Exercise directions » What is wanted is every line below from the one with "Cuchillo Panero 3" up to and including the one with "Sabrina Designs 14k", retyped exactly, pictures excluded, nothing else.

Data under study »

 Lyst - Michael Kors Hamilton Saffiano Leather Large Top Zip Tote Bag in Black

...

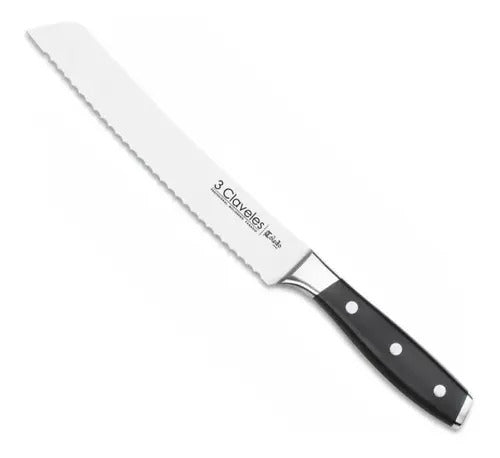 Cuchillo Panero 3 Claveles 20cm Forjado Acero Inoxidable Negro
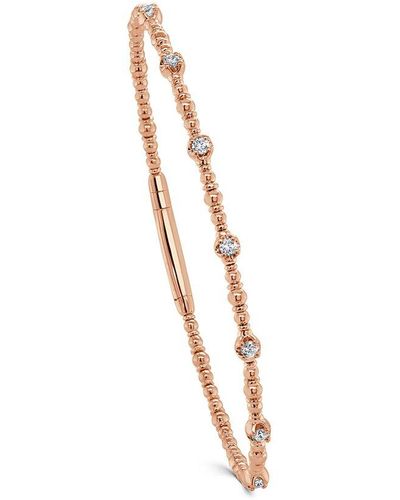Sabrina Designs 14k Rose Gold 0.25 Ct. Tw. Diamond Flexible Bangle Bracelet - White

Task answer »
 Cuchillo Panero 3 Claveles 20cm Forjado Acero Inoxidable Negro
Sabrina Designs 14k Rose Gold 0.25 Ct. Tw. Diamond Flexible Bangle Bracelet - White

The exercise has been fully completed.